The question of term limits speaks directly to what we imagine an organisation should be. An organisation with incumbent leadership over many years has a sense of stability and may also allow for continuity of purpose. And yet, if institutional rules allow for leaders to potentially rule in perpetuity, then the relationship to the membership becomes more clientele than comradely.
Leaders in these institutions are bound by the very structures to devote large amounts of energy into campaigning and building up networks of patronage to ensure their re-election. In these scenarios, power resides mainly in these informal networks and exercises in member democracy become close to ritualistic.
This in turn leads to a wider chasm between the rank and file and those in positions of power, as key creative and intellectual decision making takes place ‘behind the scenes’, with incumbent leaders trading support for appointments, while rank and file members are expected to contribute only their canvassing labour.
Perhaps this may sound far-fetched, but even when we consider the more straightforward issue of representation, terms limits are simply common sense. Regular rotation of leaders ensures diversity of representation when it comes to class, race, gender, disability, sexuality and a multitude of other intersectional identities rooted in concrete lived experiences under capitalism. It may be argued that quota rules for the NCG already speak to this need for diversity, yet without term limits we risk a situation where representation becomes mere tokenism. An NCG that is constitutionally mandated to allow for new leaders means that representation itself is stronger.

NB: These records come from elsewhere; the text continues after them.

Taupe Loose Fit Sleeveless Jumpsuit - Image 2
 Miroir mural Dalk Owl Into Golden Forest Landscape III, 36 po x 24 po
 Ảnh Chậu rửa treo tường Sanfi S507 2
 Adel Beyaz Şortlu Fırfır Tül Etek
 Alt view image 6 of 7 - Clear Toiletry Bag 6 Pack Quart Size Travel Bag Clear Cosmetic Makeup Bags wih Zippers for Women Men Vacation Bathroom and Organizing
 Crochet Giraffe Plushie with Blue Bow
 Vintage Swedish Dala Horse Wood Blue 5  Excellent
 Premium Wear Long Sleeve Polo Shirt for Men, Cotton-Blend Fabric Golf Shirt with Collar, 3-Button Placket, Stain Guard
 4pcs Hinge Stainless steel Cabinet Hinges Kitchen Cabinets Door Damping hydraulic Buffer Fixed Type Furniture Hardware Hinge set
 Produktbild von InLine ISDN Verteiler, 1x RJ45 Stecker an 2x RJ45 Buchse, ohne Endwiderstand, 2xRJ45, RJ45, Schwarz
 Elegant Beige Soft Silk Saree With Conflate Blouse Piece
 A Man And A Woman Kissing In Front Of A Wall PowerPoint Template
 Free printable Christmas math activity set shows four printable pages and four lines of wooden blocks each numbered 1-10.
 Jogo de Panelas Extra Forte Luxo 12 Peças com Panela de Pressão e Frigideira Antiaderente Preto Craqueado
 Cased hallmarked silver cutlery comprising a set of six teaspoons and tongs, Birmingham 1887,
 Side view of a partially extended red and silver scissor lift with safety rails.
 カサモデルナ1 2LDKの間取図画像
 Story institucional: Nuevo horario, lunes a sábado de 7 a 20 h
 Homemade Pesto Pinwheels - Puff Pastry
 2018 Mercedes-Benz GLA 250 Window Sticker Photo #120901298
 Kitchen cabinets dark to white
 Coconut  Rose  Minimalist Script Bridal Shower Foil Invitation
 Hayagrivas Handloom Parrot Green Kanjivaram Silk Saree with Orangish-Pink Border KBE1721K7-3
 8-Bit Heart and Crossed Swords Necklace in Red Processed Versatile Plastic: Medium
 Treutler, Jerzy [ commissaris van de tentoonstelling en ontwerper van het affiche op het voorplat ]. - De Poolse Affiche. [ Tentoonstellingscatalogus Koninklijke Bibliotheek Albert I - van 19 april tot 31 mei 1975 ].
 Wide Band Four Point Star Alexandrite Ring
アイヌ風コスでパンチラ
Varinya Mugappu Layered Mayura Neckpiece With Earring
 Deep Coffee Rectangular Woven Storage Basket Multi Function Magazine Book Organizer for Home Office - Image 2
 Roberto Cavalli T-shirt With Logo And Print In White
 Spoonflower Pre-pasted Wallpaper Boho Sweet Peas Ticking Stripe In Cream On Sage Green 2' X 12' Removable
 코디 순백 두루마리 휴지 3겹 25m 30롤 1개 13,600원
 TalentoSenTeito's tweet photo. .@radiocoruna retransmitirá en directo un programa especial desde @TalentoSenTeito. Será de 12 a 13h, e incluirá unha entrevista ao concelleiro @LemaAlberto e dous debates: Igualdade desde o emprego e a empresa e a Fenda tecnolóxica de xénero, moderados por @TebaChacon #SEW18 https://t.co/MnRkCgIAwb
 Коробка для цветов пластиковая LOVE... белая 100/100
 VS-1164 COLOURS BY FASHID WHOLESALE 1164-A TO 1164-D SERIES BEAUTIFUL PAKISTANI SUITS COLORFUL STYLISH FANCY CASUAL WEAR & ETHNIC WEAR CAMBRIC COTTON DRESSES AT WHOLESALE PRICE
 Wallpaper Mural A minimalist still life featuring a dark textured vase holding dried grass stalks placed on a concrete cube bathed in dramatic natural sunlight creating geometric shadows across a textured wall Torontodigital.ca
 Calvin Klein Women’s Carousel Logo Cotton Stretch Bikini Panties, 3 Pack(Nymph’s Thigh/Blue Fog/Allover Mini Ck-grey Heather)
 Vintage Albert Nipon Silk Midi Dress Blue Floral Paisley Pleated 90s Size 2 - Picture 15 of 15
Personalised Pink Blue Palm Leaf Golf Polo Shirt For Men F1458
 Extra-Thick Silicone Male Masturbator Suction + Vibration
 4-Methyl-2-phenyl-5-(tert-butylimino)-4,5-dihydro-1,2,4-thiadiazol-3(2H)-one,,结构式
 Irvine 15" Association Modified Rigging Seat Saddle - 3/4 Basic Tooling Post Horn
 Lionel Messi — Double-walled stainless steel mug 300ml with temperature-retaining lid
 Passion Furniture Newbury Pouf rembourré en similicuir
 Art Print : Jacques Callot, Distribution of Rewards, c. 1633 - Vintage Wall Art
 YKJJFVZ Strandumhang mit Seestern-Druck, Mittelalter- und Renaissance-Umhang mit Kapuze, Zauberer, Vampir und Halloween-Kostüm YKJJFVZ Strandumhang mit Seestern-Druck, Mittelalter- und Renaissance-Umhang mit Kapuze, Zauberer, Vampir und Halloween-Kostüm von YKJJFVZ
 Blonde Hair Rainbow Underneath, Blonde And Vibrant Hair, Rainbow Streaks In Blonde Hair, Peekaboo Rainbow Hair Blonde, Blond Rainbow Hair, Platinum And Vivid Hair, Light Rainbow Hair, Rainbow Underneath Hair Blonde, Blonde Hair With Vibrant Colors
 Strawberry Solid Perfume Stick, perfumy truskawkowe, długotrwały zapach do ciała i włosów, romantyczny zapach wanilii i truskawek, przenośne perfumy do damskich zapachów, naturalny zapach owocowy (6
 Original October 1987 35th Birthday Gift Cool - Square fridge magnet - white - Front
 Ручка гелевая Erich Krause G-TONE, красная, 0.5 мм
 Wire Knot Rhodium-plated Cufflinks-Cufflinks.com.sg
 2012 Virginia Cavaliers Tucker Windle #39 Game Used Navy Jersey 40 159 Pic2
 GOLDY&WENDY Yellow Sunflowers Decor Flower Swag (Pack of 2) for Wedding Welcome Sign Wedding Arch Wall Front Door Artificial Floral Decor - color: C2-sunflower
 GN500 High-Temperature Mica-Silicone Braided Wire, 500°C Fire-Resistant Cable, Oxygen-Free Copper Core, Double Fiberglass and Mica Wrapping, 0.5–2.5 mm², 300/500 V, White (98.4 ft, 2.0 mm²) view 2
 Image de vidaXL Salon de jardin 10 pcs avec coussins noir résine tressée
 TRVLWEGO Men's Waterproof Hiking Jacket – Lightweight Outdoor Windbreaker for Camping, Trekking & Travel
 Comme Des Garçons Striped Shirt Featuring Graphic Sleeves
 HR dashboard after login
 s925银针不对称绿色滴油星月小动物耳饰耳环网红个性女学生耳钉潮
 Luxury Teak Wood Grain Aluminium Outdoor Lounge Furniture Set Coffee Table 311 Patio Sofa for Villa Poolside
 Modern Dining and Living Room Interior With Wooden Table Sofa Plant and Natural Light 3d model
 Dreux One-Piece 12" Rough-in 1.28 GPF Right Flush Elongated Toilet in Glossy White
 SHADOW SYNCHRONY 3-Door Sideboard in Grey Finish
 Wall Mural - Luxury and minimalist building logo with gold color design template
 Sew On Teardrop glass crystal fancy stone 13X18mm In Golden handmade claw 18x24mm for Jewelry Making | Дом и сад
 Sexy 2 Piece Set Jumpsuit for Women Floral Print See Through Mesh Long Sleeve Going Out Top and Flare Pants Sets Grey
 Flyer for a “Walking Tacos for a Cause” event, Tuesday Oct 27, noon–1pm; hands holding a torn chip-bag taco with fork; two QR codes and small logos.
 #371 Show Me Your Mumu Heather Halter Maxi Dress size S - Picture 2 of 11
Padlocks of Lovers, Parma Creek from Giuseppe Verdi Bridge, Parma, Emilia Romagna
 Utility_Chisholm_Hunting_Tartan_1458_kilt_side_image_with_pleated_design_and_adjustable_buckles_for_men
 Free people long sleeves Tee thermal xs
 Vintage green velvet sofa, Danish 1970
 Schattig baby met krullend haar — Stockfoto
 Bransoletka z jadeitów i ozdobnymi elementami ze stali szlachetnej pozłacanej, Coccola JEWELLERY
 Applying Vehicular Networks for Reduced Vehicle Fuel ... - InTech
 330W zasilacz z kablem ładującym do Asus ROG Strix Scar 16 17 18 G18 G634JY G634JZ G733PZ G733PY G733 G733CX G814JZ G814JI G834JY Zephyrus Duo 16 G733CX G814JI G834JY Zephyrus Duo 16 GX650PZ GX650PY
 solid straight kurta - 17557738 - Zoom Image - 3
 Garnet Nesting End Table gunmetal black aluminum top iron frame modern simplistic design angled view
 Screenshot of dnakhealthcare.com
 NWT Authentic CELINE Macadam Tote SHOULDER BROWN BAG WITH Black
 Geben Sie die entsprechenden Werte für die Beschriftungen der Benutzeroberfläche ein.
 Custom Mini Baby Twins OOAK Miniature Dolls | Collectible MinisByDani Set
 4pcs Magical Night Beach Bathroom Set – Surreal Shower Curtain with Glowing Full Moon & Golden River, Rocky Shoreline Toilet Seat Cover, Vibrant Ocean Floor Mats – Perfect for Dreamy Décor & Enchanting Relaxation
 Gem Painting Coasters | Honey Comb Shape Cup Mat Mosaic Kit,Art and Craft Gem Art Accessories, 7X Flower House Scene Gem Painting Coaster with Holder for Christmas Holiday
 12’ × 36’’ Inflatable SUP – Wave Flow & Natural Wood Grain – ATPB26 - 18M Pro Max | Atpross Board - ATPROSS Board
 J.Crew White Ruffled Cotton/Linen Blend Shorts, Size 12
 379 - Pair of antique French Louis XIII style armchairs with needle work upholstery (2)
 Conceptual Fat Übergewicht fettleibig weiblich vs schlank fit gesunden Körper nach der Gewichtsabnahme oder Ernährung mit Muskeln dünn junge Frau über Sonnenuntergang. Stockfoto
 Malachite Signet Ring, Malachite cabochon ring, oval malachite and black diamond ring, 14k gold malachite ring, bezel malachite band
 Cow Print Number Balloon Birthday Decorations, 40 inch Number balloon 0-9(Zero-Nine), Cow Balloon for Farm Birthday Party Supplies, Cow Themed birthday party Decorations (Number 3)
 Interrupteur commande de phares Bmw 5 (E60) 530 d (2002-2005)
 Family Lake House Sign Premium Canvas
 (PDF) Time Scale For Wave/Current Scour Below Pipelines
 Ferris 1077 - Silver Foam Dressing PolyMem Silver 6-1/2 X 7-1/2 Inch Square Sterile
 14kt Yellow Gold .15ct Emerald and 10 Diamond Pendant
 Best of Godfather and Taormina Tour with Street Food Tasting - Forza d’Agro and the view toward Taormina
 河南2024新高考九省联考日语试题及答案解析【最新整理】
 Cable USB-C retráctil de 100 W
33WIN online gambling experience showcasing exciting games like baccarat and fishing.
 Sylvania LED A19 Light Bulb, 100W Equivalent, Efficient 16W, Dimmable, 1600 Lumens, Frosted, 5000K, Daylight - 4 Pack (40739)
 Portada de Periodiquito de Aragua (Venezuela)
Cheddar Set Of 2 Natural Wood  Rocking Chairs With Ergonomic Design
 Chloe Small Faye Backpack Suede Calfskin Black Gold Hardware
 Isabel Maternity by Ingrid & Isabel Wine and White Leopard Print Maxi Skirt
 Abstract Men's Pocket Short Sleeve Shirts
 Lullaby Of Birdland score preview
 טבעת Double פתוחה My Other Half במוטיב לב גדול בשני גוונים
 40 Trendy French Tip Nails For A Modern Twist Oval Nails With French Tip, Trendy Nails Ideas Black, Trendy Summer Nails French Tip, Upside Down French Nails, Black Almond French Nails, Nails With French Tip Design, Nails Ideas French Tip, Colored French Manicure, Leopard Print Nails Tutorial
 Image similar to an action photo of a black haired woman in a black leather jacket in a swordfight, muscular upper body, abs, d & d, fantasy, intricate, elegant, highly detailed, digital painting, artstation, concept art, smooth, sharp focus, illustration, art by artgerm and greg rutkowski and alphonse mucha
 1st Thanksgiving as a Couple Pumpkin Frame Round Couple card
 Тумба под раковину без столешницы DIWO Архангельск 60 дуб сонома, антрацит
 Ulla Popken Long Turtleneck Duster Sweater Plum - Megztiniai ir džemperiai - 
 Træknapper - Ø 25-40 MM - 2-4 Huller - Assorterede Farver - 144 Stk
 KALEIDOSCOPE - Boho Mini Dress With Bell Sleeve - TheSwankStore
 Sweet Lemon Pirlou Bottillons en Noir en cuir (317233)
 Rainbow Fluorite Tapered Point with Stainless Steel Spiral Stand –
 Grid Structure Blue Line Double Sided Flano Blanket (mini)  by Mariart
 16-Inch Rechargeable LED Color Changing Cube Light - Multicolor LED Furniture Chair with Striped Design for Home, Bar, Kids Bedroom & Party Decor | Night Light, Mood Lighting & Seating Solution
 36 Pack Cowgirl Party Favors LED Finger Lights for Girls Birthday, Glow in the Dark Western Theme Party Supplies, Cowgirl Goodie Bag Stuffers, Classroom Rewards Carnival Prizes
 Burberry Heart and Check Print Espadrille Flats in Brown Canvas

Term limits would also dynamically shape Momentum’s political education and capacity of members. One argument that people make against term limits is that there aren’t enough people to hold leadership positions and therefore we should stick with the ‘experienced’ current leadership. Anyone who’s ever faced the Catch 22 of applying for a job they want to gain experience in only to be told you haven’t got enough experience will point out the logical flaw in this argument.
Enacting term limits is dangerous, according to those who oppose them, because we risk putting unqualified people in positions of power. However, such a position rests on a very dim view of the membership. Are we really to assume that from a membership of thousands only a dozen or so are qualified to take responsibility? Such a view seems more cut from the cloth of Tory elitism than anything radical or progressive.
Allowing new leaders to emerge would also incentivise a much more dynamic approach to political education and capacity-building in Momentum. There is always a danger that political education mimics education in capitalist society at large, whereby learners are divided into a minority of leaders and a majority of followers. In an institution where the leadership is regularly refreshed there is a much higher incentive for current leaders to implement political education programmes that genuinely empower members.
In an institution where leadership is incumbent, much political energy goes towards electioneering and power games, yet in systems where leadership change is mandated, it become imperative for leaders to ensure that their successors have the skills and political capacity to replace them. This means that political education will become much more about building skills than simply imparting knowledge – truly a chance for radical political education.
In summary, mandatory term limits are far from a restriction on Momentum’s political organising. Instead it would be a radical break from the tired political orthodoxy that has prioritised the patronage of individuals over democracy. While collective democratic power is something that all politicians on the left speak to, it is not something that can simply be willed into existence, but must be built into our institutions.